Allow me to explain. When you do business with farmers, you have to be honest, or you will go out of business very soon. As in, by the end of next week. Because farmers talk to each other. There’s an old joke about three forms of communication: telegraph, television, and tell a farmer. The farmer is the fastest of the three.
So I knew the seller wasn’t hiding anything.
I did the deal. The day I bought it, I took my new baby out to the badlands north of town, and took a phone shot of it, in it’s “natural habitat:” on dirt.
A couple of days later, I took it on a real 4WD adventure: up into the Piceance1 Basin, which lies north of Grand Junction up on top of those Book Cliffs you see in the back of this photo. It’s a no-man’s-land wasteland that is desolate, dry and not at all scenic. But it reportedly contains more oil - in a form that is hard to extract - than all of Saudi Arabia. There is nothing up there but experimental oil wells and a herd of wild horses.
I had endeavored to go Jeeping in the Little Book Cliffs Wild Horse Area, but somehow I overshot that freeway exit and ended up on an ugly, desolate road north of it. I saw lots of horse manure, but no horses.
I was in the Wasatch Formation, which lies well above all the ones I’ve mentioned so far, and is only about 50 million years old. It’s made of some really strange stuff:
Most formations are made of one type of rock. Not so the Wasatch. It’s a conglomeration of various kinds of icky muds, clays and other nasty stuff. Here’s a closer view of the drier, deeper-red stone on top of the messy stuff that looks like a pan of lasagna that went wrong:
Eventually, a side road came out to the top edge of the Book Cliffs, allowing a view down into the Grand Valley:
As it turns out, this was almost directly above the home of the guy I’d bought the Jeep from.
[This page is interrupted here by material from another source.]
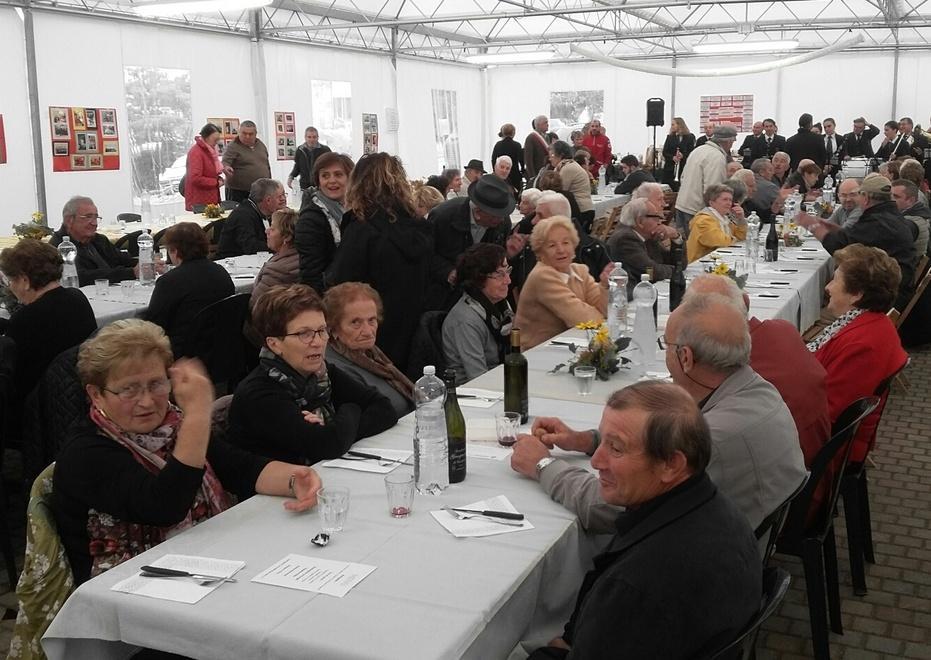 Festa degli Anziani, il pranzo fa il pieno con 200 persone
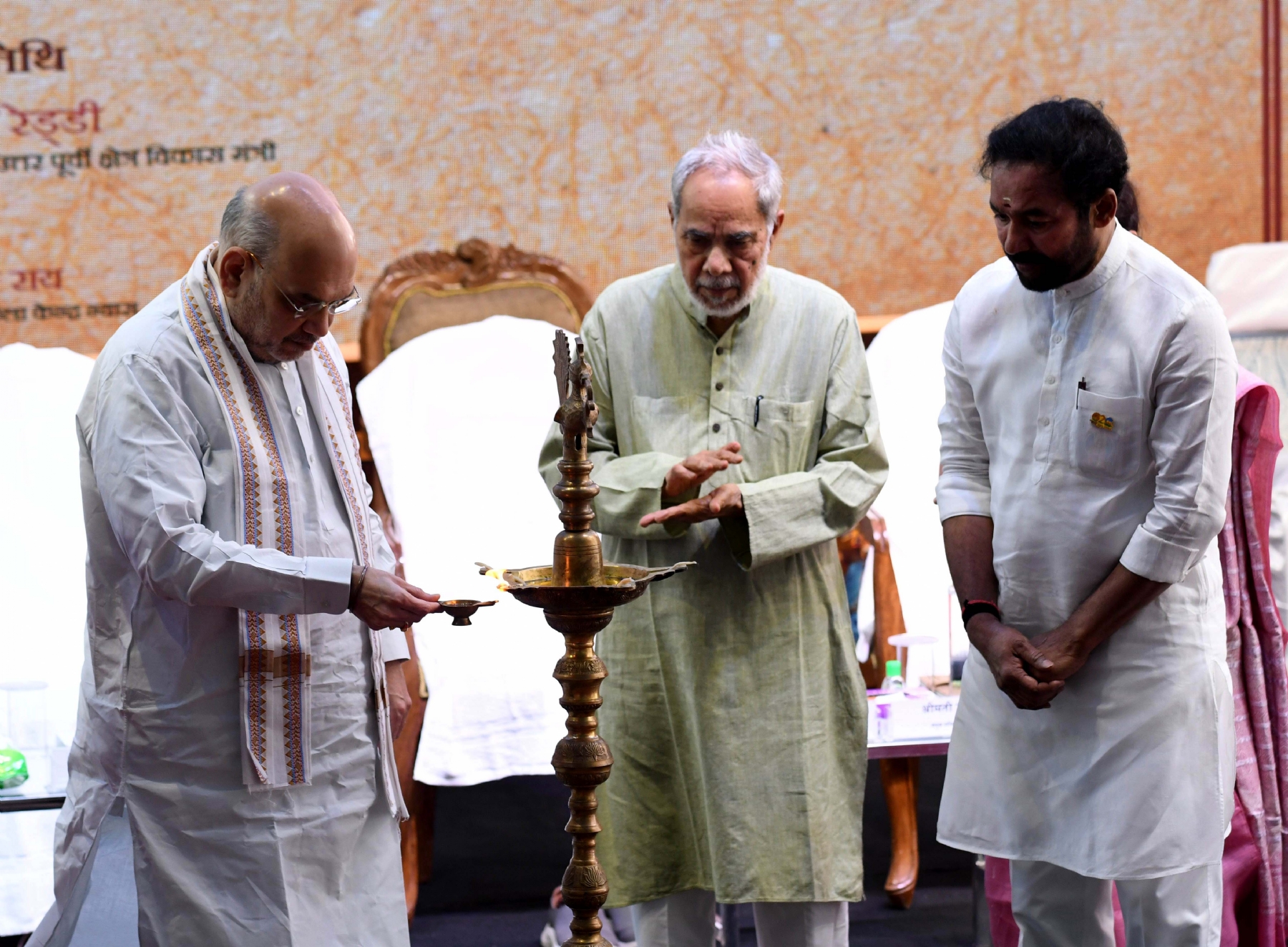 आईजीएनसीए के 36 वें स्थापना दिवस के अवसर पर वैदिक विरासत पोर्टल और कला वैभव (आभासी संग्रहालय) के उद्घाटन के दौरान केंद्रीय गृह मंत्री अमित शाह और संस्कृति मंत्री जी किशन रेड्डी और आईजीएनसीए के अध्यक्ष राम बहादुर राय।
I later told him about this, and he told me a funny story.
Said when he was a teenager, he’d decided to climb up the Book Cliffs to the top, expecting nothing but wildland once he reached to top. To his surprise and disgust, a couple of dirt bikers approached him as he was resting on the edge after a day-long arduous climb! He didn’t know that there were roads up there.
Yeah, there are lots of roads (if you can call them “roads” but I was in a Jeep) up there, and I took a different one home than the one I’d come in on. And encountered a deposit of clay that had been eroded into very strange, other-worldly shapes:
This stuff was nothing short of bizarre.
I am still driving that Jeep today. Finally, I could go roaming again, towing it behind the motorhome anywhere I wanted. Only one thing remained to be done before I could take off: Pookie’s fur had gotten out of control and was matted and clumping. She needed a fur trim. I made an appointment with a local groomer, who was booked more than a month out.
I made plans to hit the road for the summer as soon as Pookie got what she needed.
Pronounced “PEE-ahns” I presume that it’s French or something.
My co-worker has pointed out to me how ironic it is that the same day this post dropped on Substack, the beloved Jeep which is featured here...
Died.
It's sitting at a mechanic's shop now. It needs a new engine.
Great story and spectacular photography, Ken.